Work task: Without the images, print all the entries below exactly as given.

____

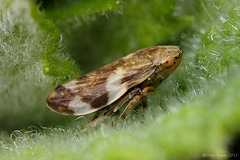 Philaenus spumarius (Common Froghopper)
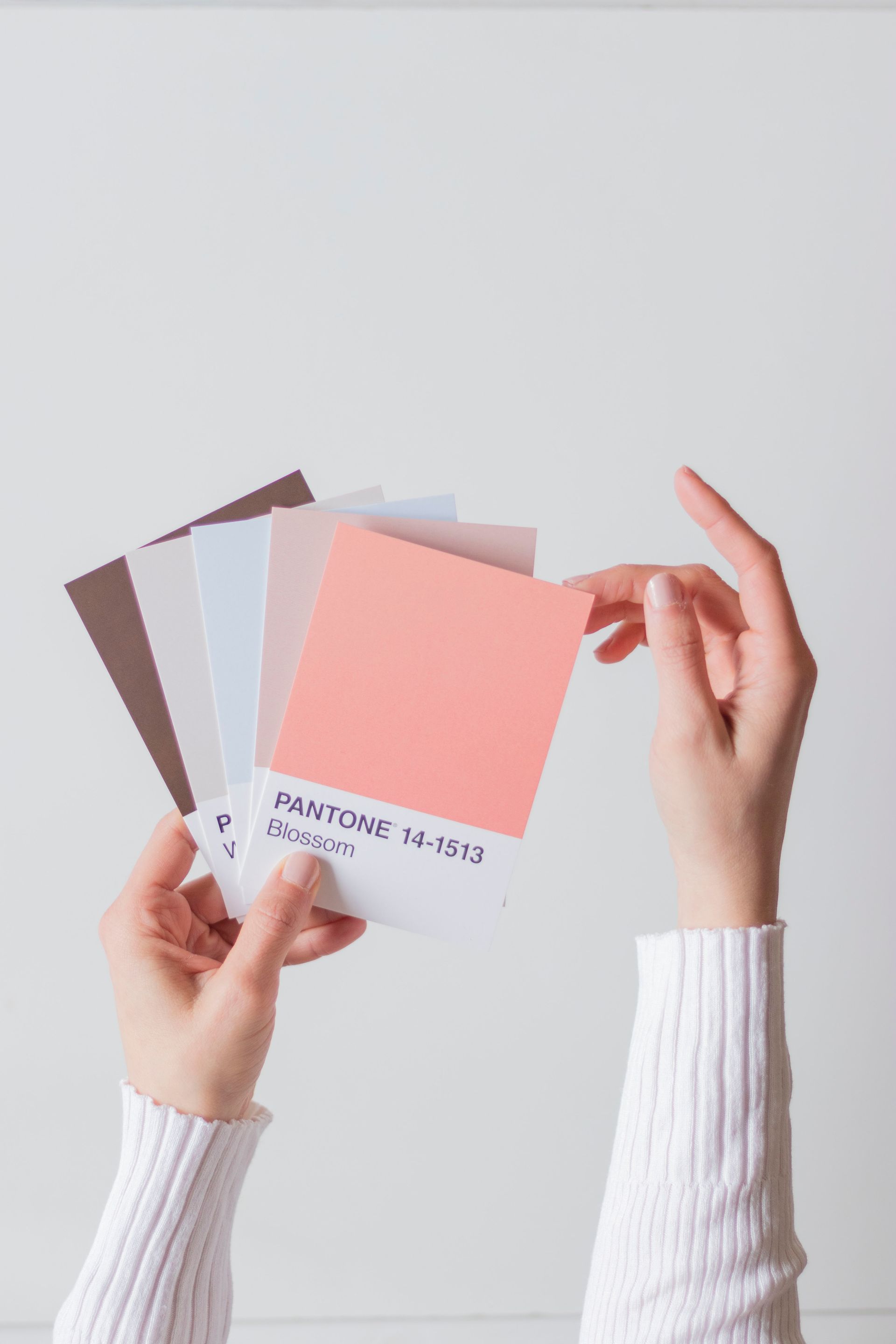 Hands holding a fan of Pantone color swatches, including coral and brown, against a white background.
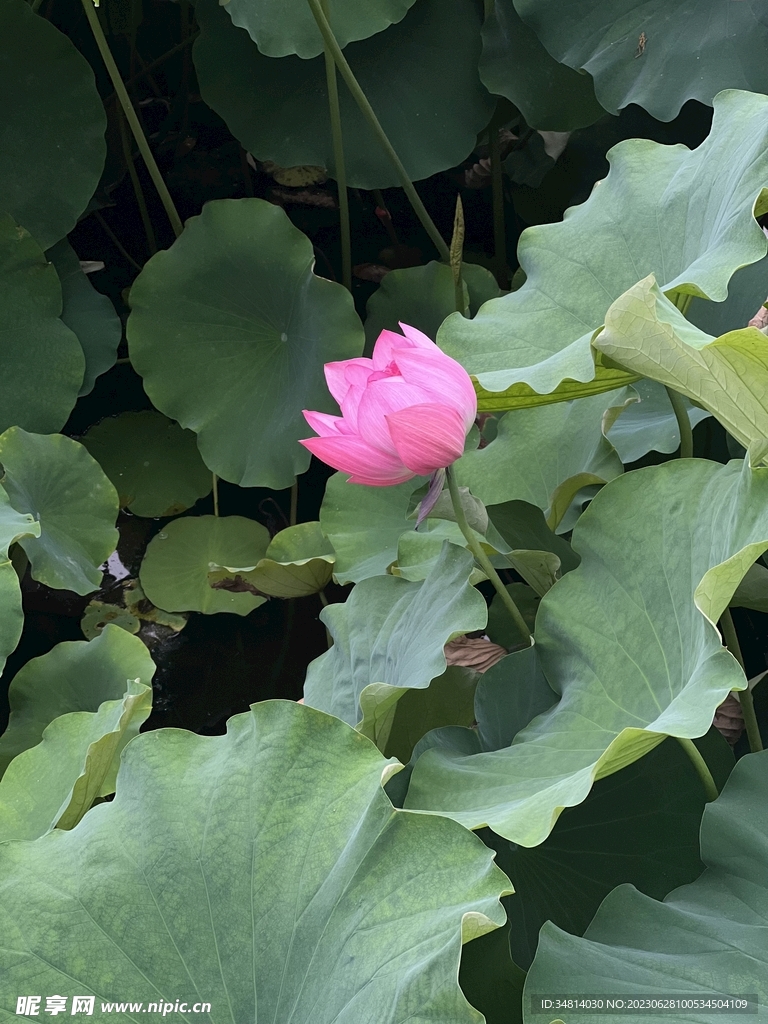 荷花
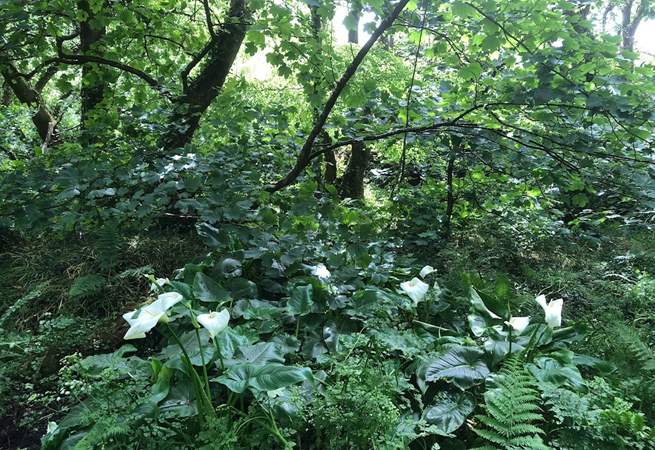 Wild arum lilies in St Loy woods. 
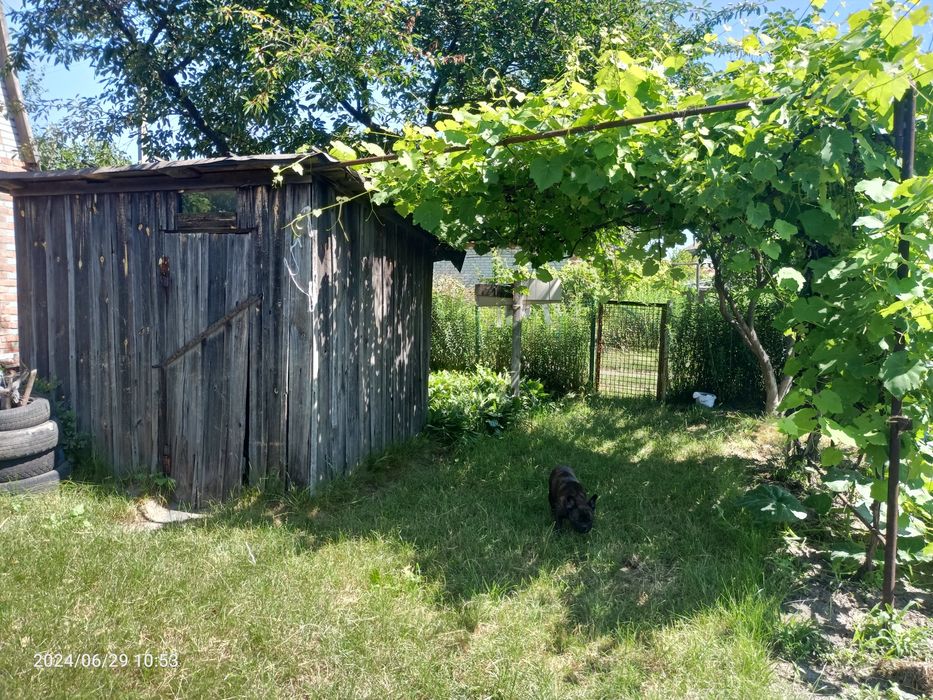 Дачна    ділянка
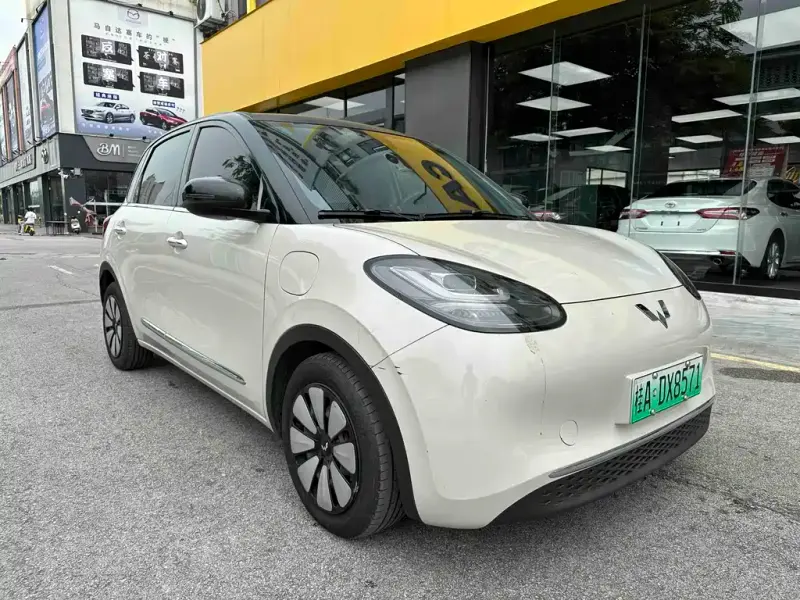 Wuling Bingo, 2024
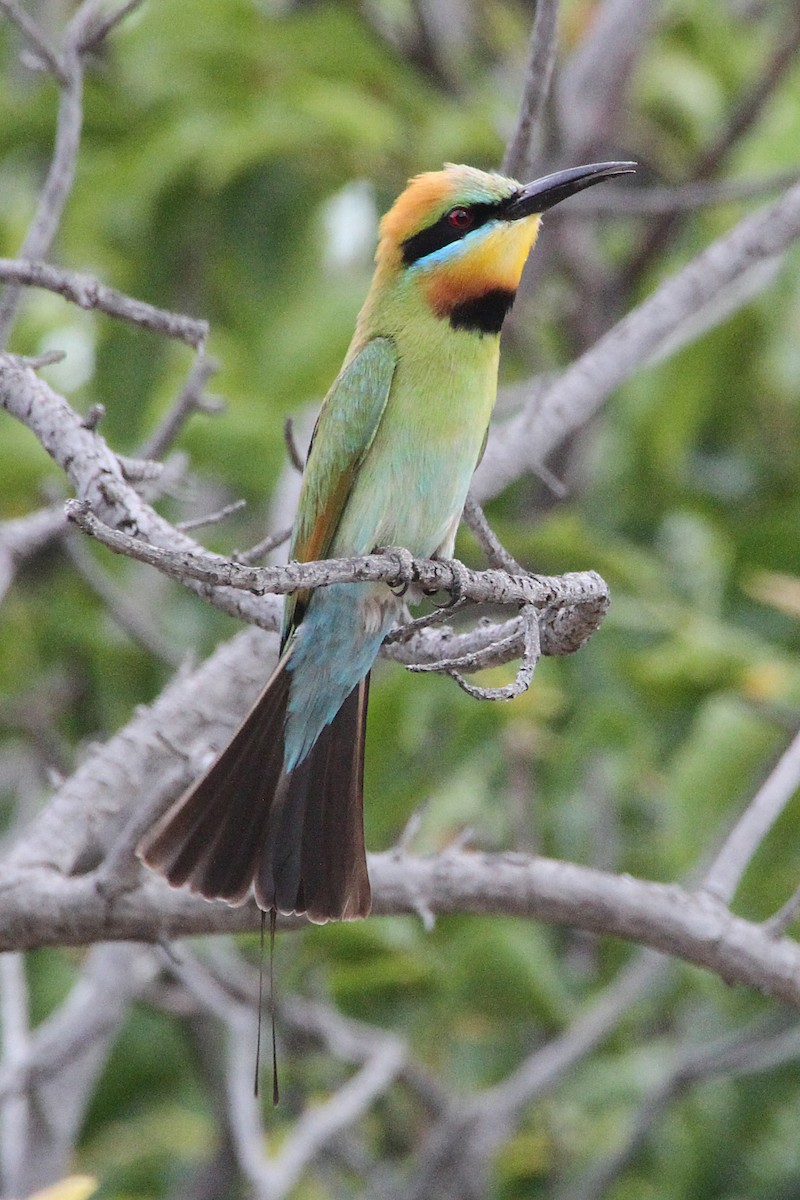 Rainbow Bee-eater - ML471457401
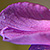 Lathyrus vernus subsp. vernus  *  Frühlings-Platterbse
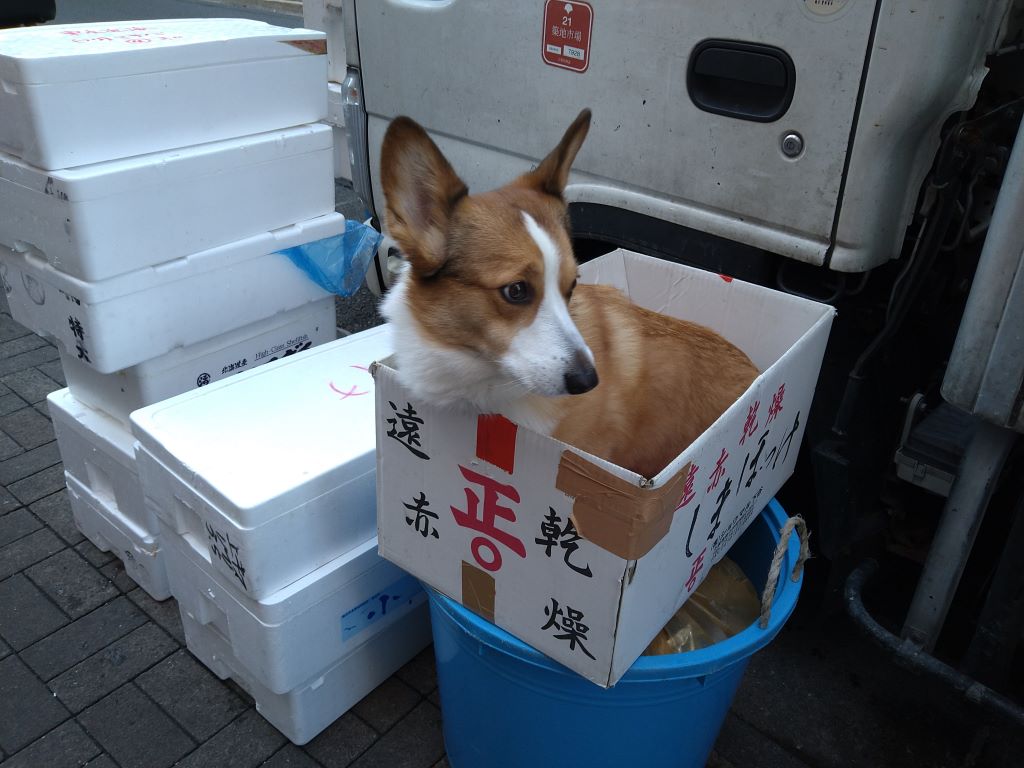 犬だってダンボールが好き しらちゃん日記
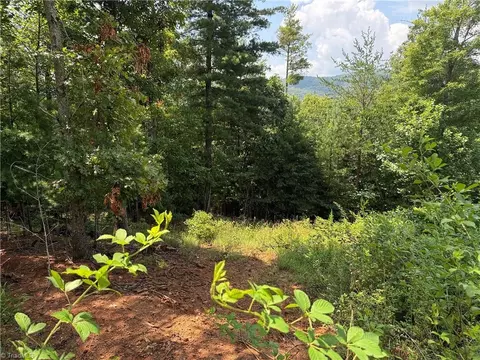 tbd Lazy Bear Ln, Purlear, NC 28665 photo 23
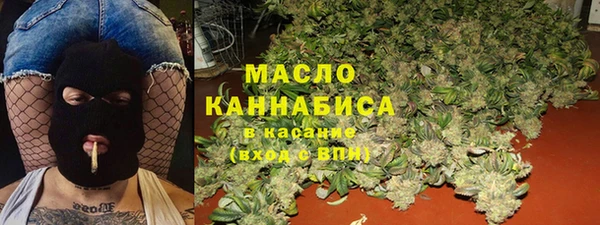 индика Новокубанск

____

Task solution:
 Philaenus spumarius (Common Froghopper)
 Hands holding a fan of Pantone color swatches, including coral and brown, against a white background.
 荷花
 Wild arum lilies in St Loy woods. 
 Дачна    ділянка
 Wuling Bingo, 2024
 Rainbow Bee-eater - ML471457401
 Lathyrus vernus subsp. vernus  *  Frühlings-Platterbse
 犬だってダンボールが好き しらちゃん日記
 tbd Lazy Bear Ln, Purlear, NC 28665 photo 23
 индика Новокубанск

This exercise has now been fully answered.